* [Task goal]
Take the entries below and write them out exactly, with each picture removed.

* [Available records]
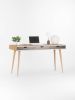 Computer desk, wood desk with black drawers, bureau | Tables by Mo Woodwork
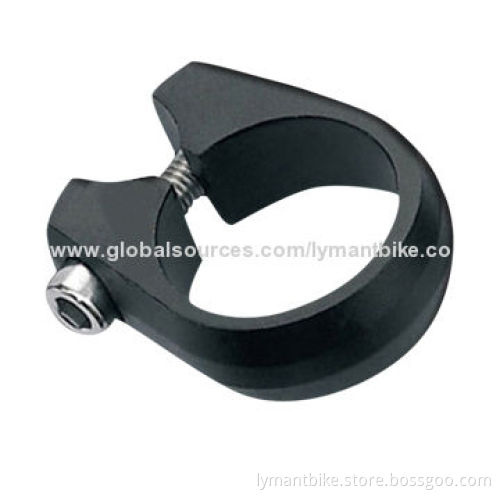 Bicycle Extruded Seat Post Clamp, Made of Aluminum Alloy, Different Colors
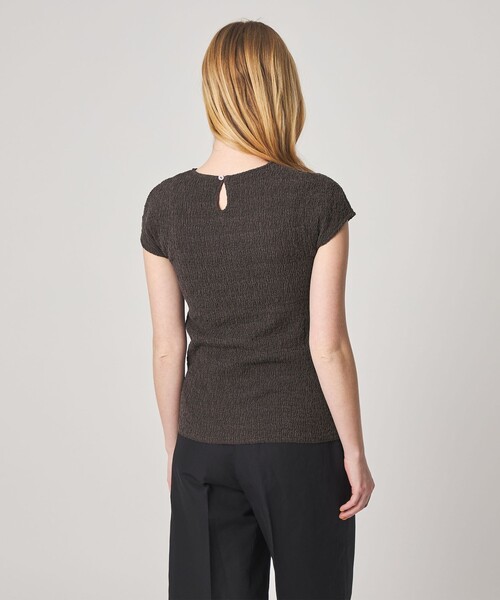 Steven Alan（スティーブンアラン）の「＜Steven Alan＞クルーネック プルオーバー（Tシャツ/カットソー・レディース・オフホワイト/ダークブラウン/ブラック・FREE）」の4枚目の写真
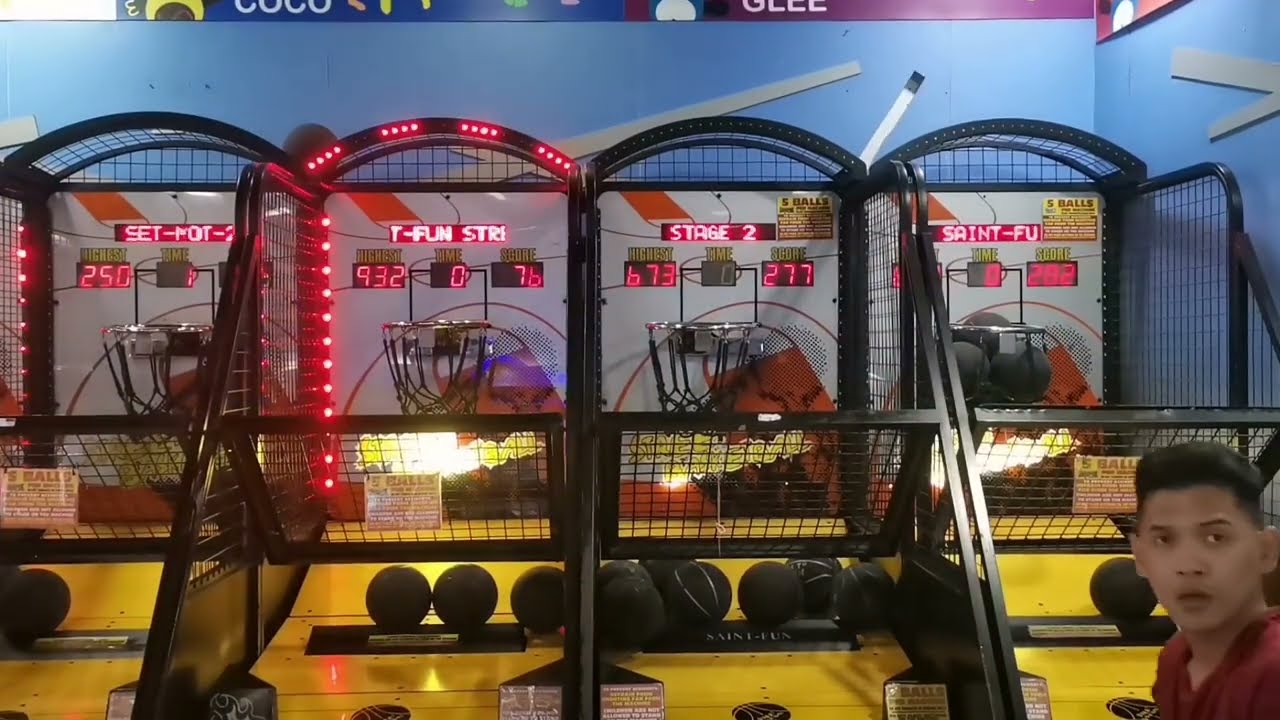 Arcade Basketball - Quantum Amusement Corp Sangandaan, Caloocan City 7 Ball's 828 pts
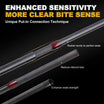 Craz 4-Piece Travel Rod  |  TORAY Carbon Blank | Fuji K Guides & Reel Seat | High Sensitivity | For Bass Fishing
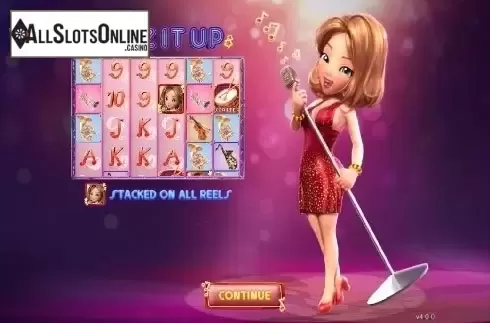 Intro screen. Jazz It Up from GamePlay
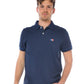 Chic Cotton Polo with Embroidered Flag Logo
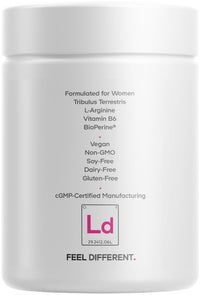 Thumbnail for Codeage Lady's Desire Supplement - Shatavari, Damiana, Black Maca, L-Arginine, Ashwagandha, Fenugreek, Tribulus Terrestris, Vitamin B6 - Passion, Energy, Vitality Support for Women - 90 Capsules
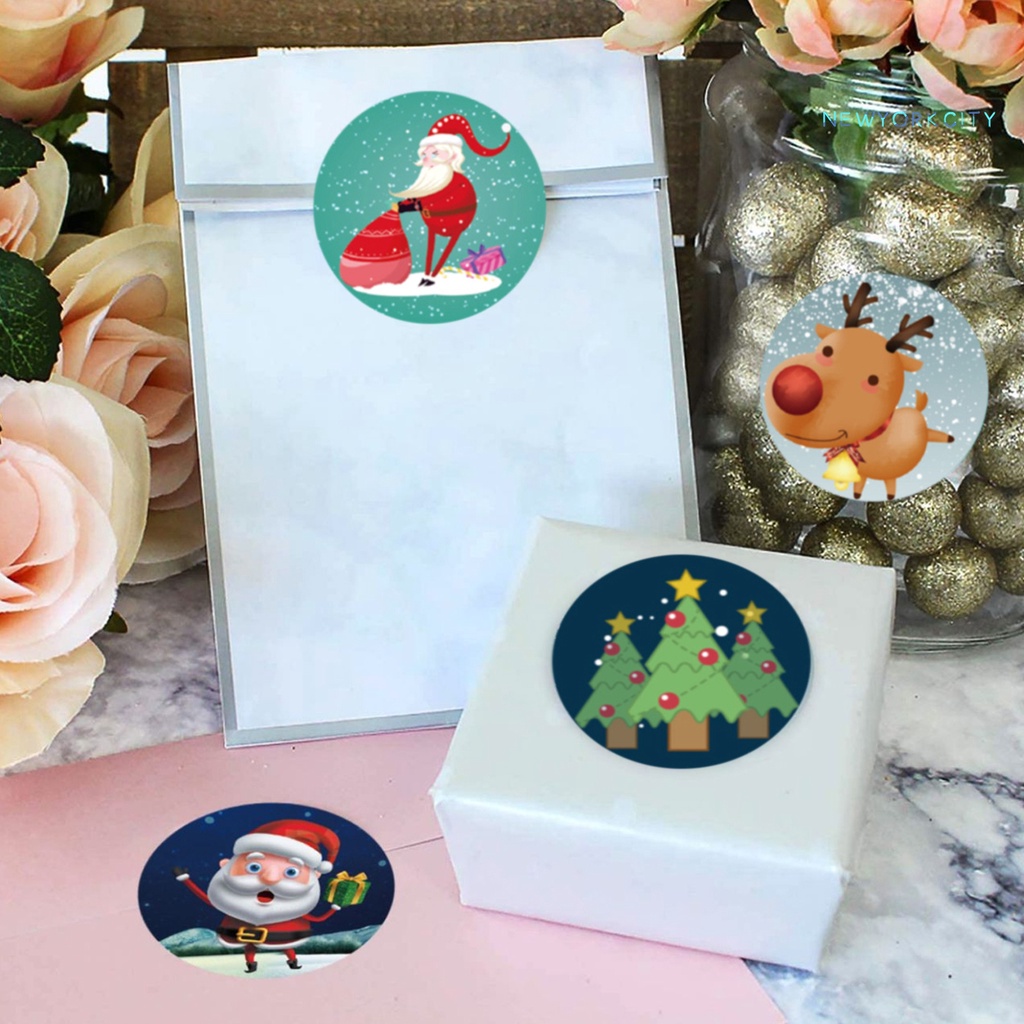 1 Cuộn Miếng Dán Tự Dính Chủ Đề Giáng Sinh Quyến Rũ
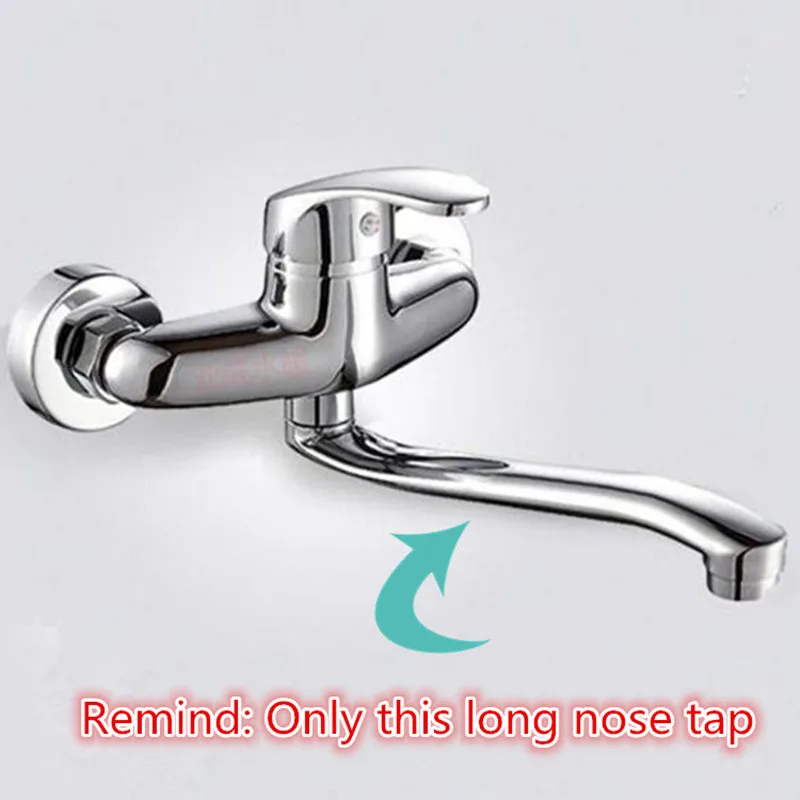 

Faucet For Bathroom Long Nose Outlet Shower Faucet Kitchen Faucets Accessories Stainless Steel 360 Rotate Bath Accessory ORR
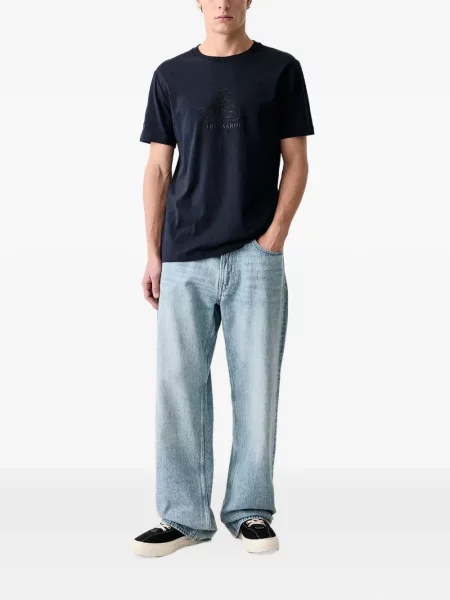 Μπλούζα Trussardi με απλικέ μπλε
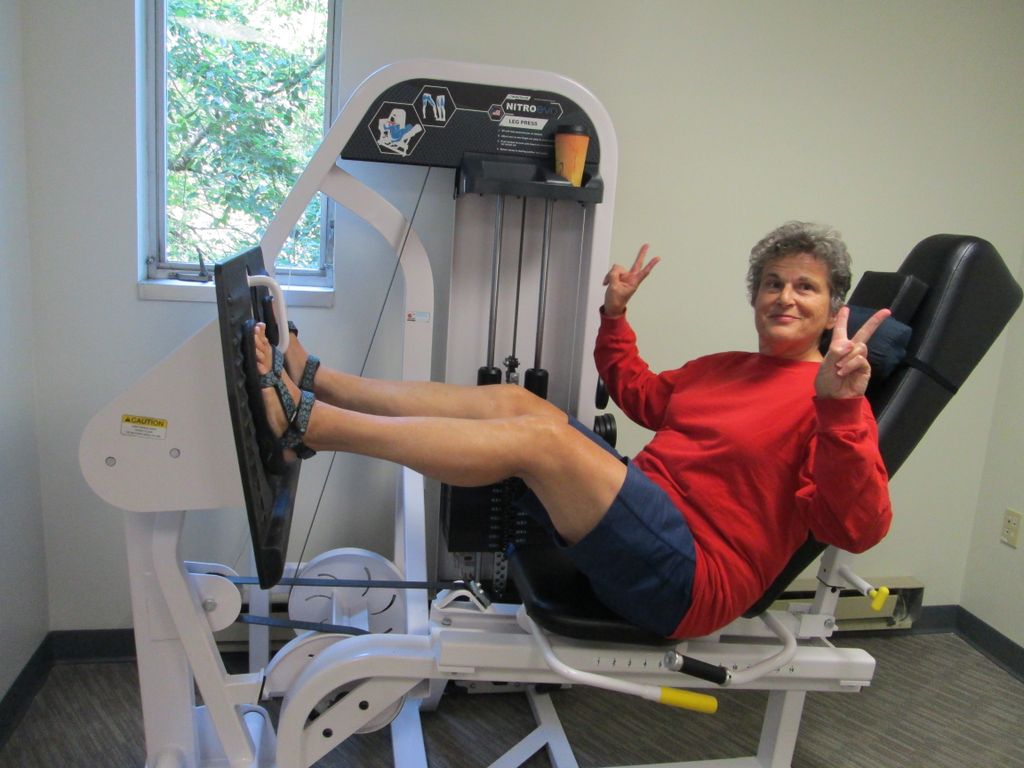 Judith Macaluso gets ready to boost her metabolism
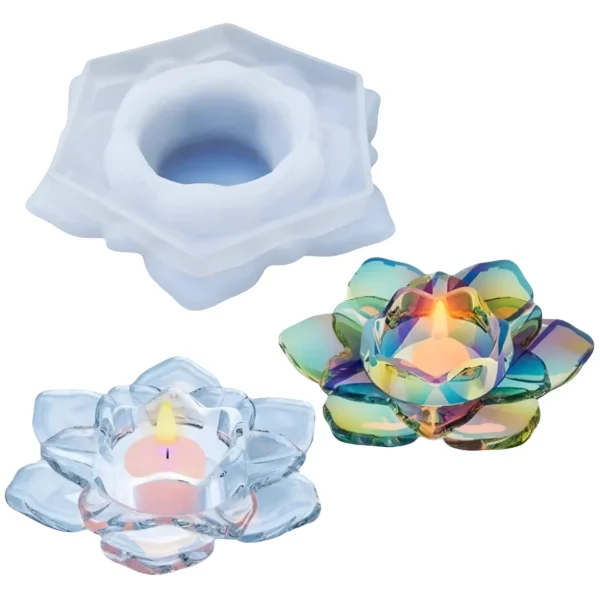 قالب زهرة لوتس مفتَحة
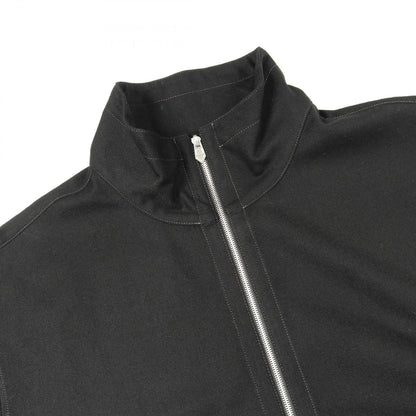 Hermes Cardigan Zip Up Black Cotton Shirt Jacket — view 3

* [Completed task]
 Computer desk, wood desk with black drawers, bureau | Tables by Mo Woodwork
 Bicycle Extruded Seat Post Clamp, Made of Aluminum Alloy, Different Colors
 Steven Alan（スティーブンアラン）の「＜Steven Alan＞クルーネック プルオーバー（Tシャツ/カットソー・レディース・オフホワイト/ダークブラウン/ブラック・FREE）」の4枚目の写真
 Arcade Basketball - Quantum Amusement Corp Sangandaan, Caloocan City 7 Ball's 828 pts
 Craz 4-Piece Travel Rod  |  TORAY Carbon Blank | Fuji K Guides & Reel Seat | High Sensitivity | For Bass Fishing
 Intro screen. Jazz It Up from GamePlay
 Chic Cotton Polo with Embroidered Flag Logo
 Thumbnail for Codeage Lady's Desire Supplement - Shatavari, Damiana, Black Maca, L-Arginine, Ashwagandha, Fenugreek, Tribulus Terrestris, Vitamin B6 - Passion, Energy, Vitality Support for Women - 90 Capsules
 1 Cuộn Miếng Dán Tự Dính Chủ Đề Giáng Sinh Quyến Rũ

Faucet For Bathroom Long Nose Outlet Shower Faucet Kitchen Faucets Accessories Stainless Steel 360 Rotate Bath Accessory ORR
 Μπλούζα Trussardi με απλικέ μπλε
 Judith Macaluso gets ready to boost her metabolism
 قالب زهرة لوتس مفتَحة
 Hermes Cardigan Zip Up Black Cotton Shirt Jacket — view 3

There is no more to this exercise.